Freitag: Dass ich mich der Ernsthaftigkeit des Lebens spielerisch stellen kann. Damit ist auch eine gewisse Naivität gemeint. Kinder sind noch ohne Arg. Das Böse wird besiegt, dann ist alles wieder gut. Was natürlich im Leben so nicht stimmt.

Das Unterhalter-Gen hatten Sie schon als Kind. Und früh war klar, dass Sie unbedingt Schauspieler werden wollten. Wann kam zu diesem Unterhalter-Gen das, was man Haltung nennt?

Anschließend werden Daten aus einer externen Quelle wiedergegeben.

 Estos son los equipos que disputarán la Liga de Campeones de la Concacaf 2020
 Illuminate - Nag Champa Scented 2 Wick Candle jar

Ich bin in der verstaubten Adenauer-Ära in einem christlich-konservativen Elternhaus aufgewachsen. Kanzler Adenauer hatte notgedrungen beim Neustart auch Nazis ins Kabinett nehmen müssen, das konnte man nachvollziehen. Schlimm waren die Leute, die keine Einsicht zeigten nach dem Motto: Was damals rechtens war, kann heute nicht Unrecht sein. Das ist mindestens so tödlich wie jetzt die Verharmlosung des Hitler-Terrors als „Vogelschiss“ in der Geschichte. Doch politisiert wurde ich erst durch Willy Brandt. Der schlug eine andere Richtung ein. Es ging nicht mehr um Kalten Krieg und Aufrüstung, sondern um Entspannung. Und um die Mitwirkung jedes Einzelnen an der Ausgestaltung der Demokratie. Das sprach uns junge Menschen an.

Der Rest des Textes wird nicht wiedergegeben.